* **Required work**
Unless a line falls after the one with "Caja Reles /", retype it exactly from the records below; leave out all pictures.
Start of Block
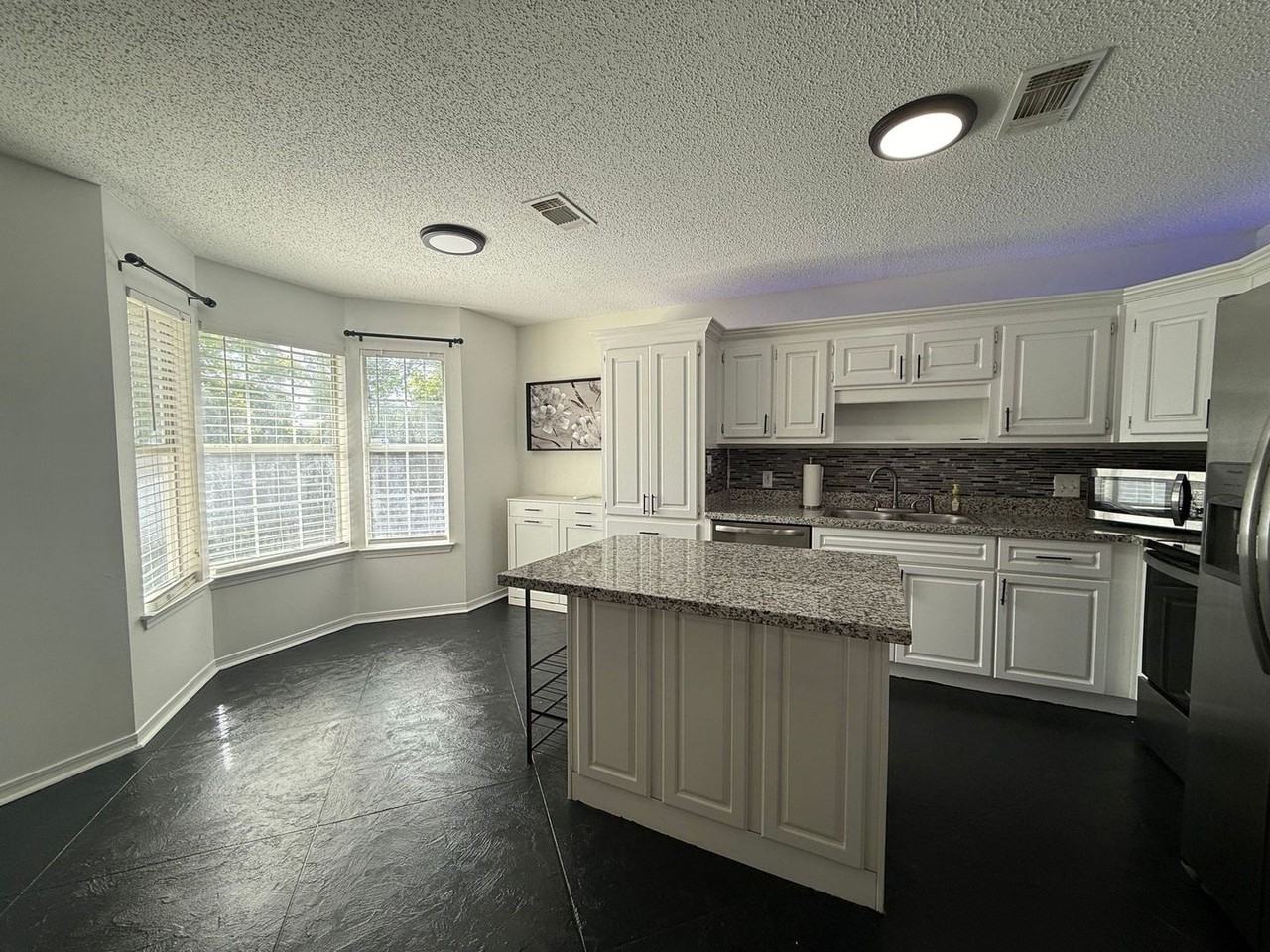 6955 Weatherwood Dr - Photo 6 of 22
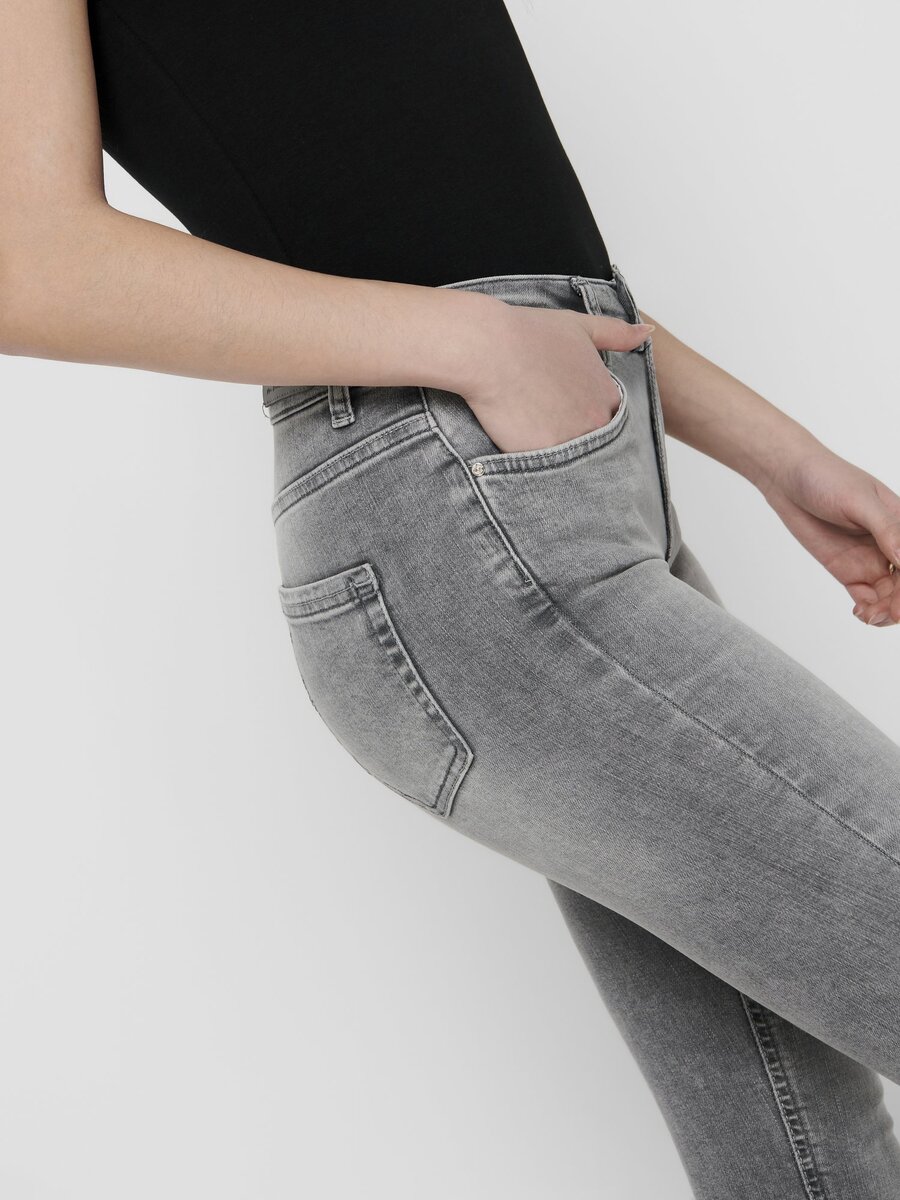 Broek van het merk Only in het Grijs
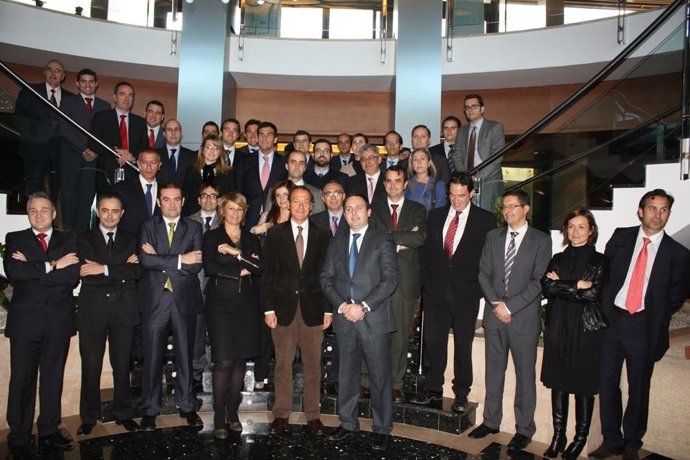 Cámara Y La Asociación De Directivos De Murcia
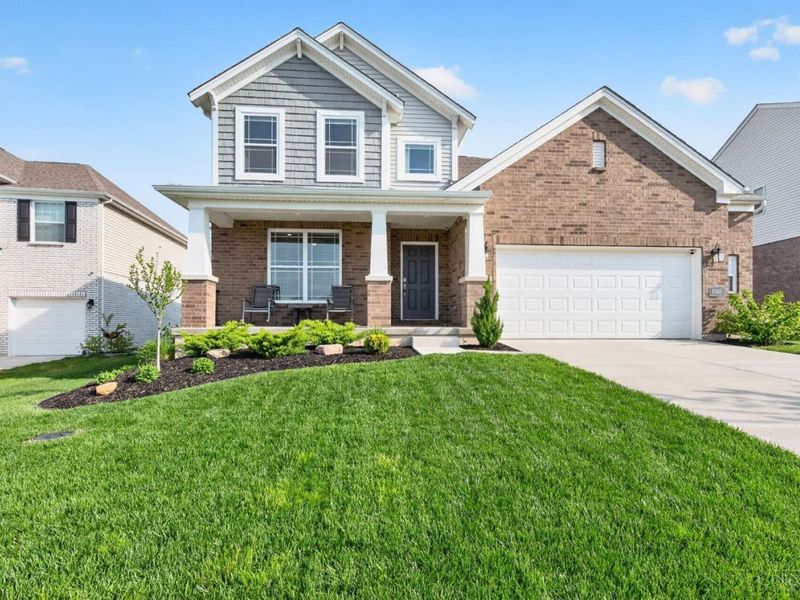 8166 Moonstone Drive, West Chester, OH 45241 Photo 1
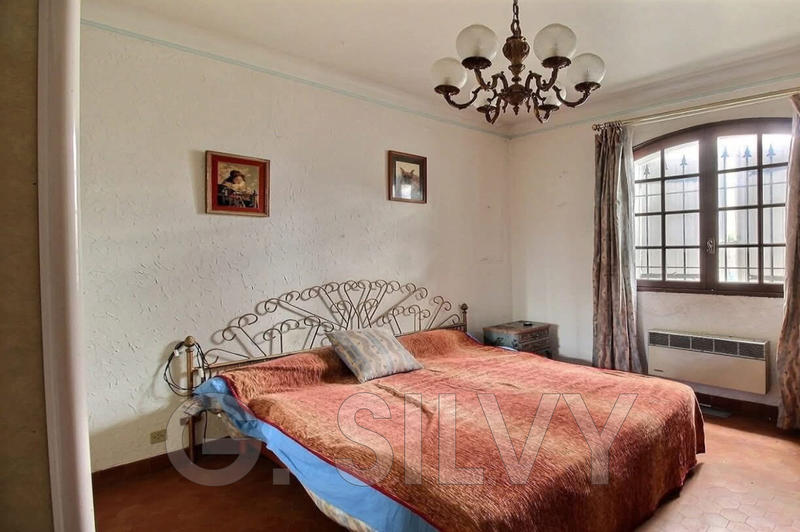 Maison - 140 m² - 4 pièces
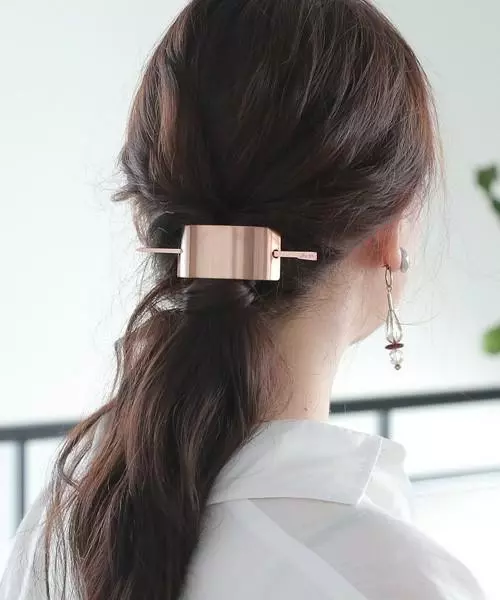 不器用さんもok 5分で出来る簡単ヘアアレンジ ローリエプレス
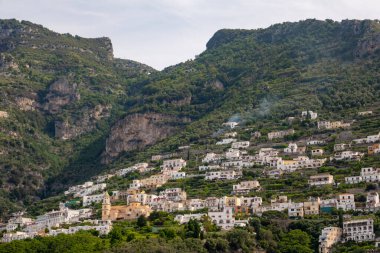 Amalfi kasabası yakınlarındaki Amalfi sahili açıklarında, Salerno, Campanis, İtalya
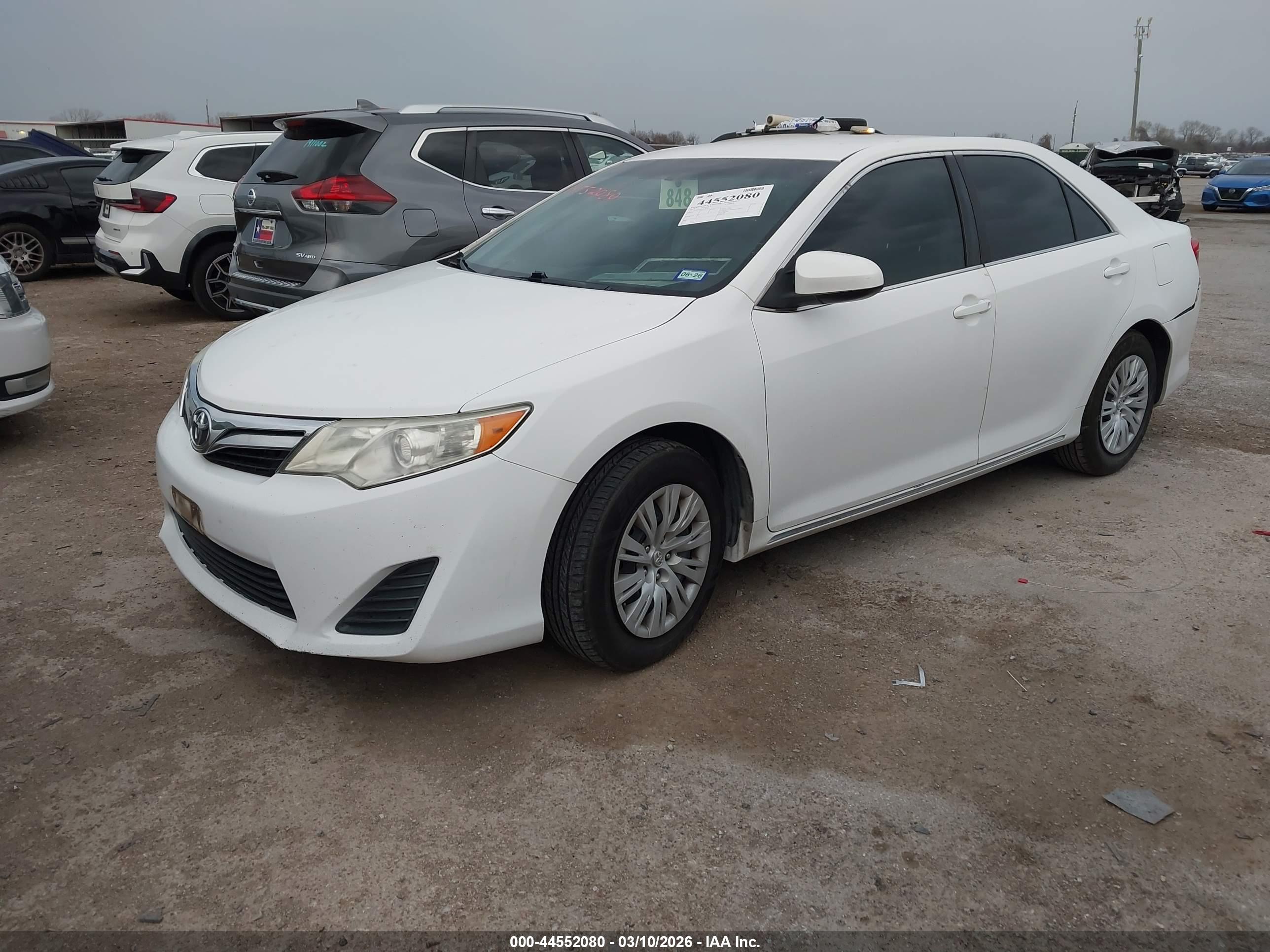 TOYOTA CAMRY image 2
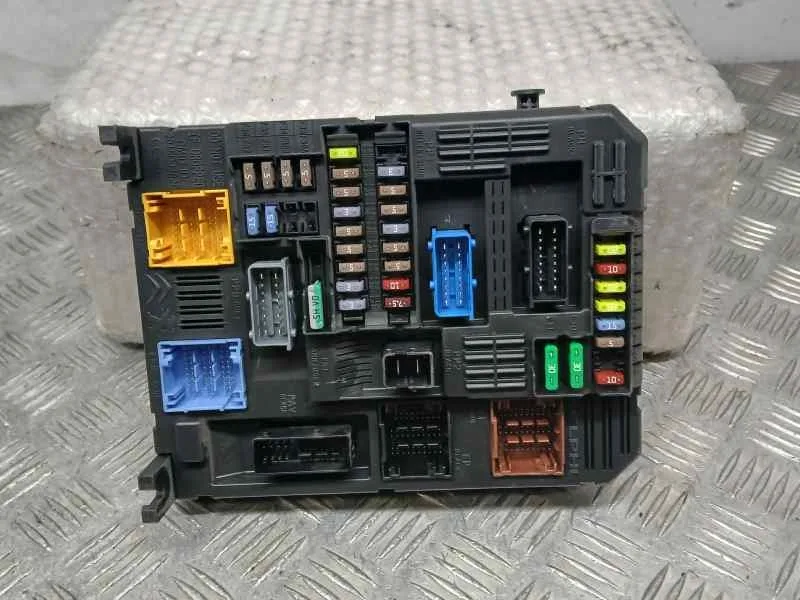 Caja Reles / Fusibles para Citroën Jumpy Furgon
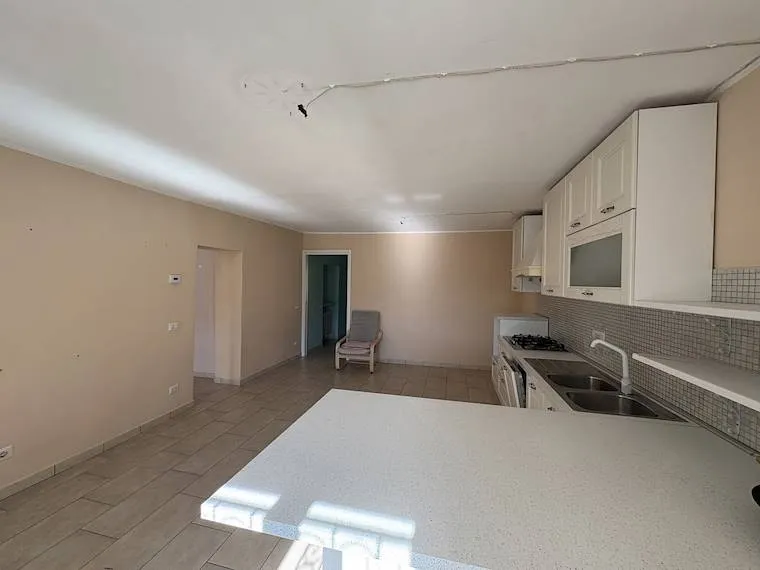 Küche - Rearranged Apartment with Balcony in Gallicano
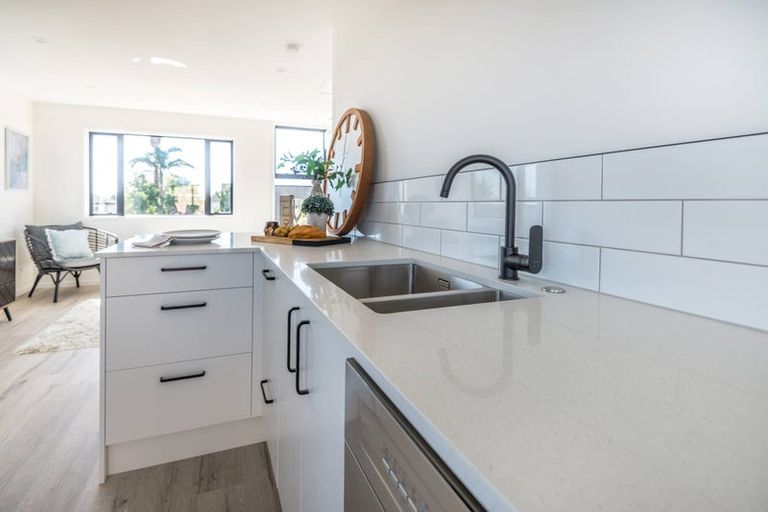 Photo of property in 19f Bradbury Road, Botany Downs, Auckland, 2010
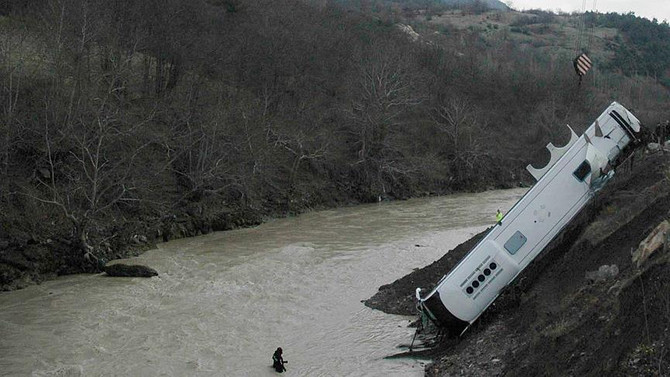 Otobüs nehre düştü: 18 ölü, 37 yaralı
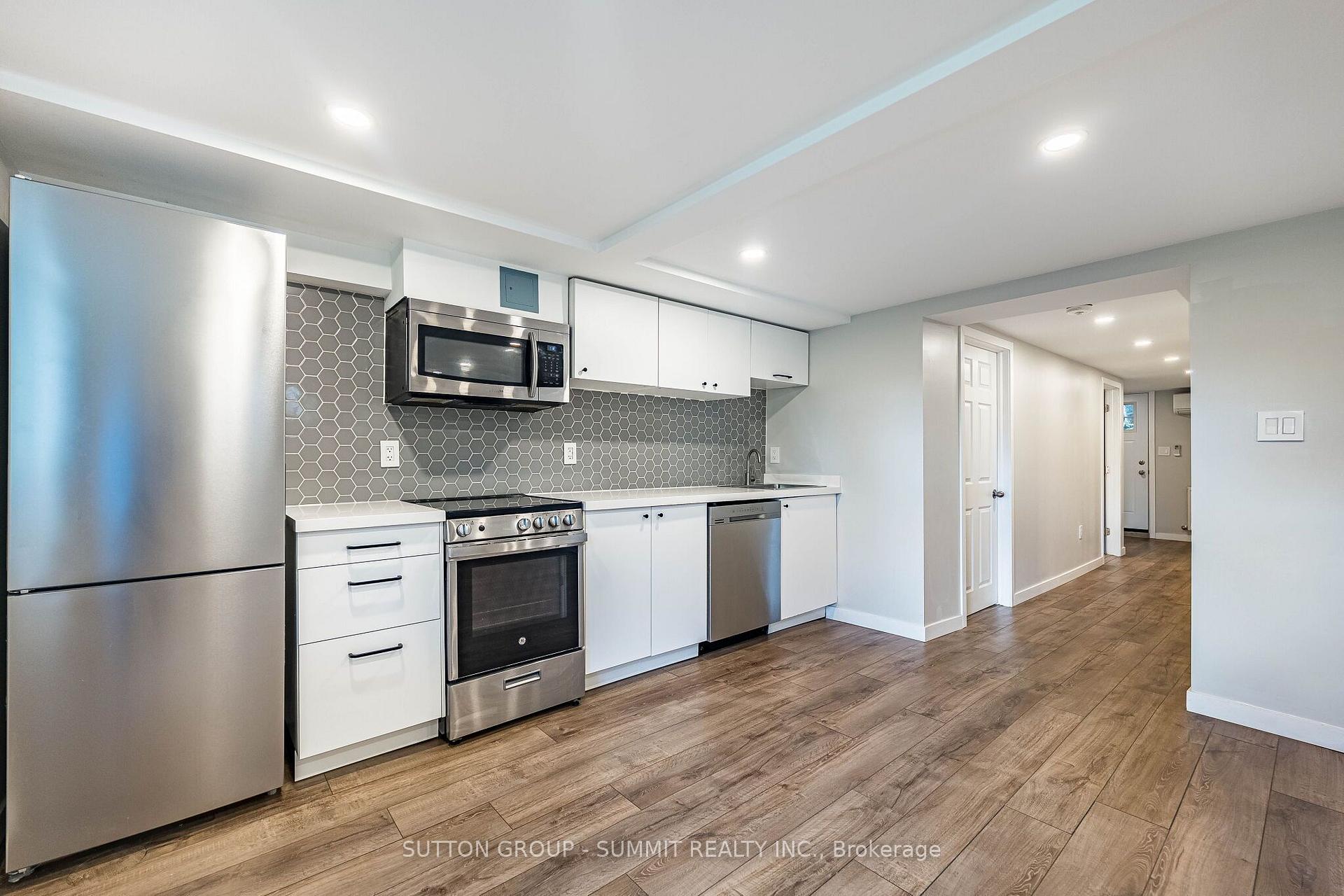 Photo 21 of 32 Ellis Avenue, Toronto, High Park-Swansea — HOMEH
End of Block
* **Reply to the exercise**
 6955 Weatherwood Dr - Photo 6 of 22
 Broek van het merk Only in het Grijs
 Cámara Y La Asociación De Directivos De Murcia
 8166 Moonstone Drive, West Chester, OH 45241 Photo 1
 Maison - 140 m² - 4 pièces
 不器用さんもok 5分で出来る簡単ヘアアレンジ ローリエプレス
 Amalfi kasabası yakınlarındaki Amalfi sahili açıklarında, Salerno, Campanis, İtalya
 TOYOTA CAMRY image 2
 Caja Reles / Fusibles para Citroën Jumpy Furgon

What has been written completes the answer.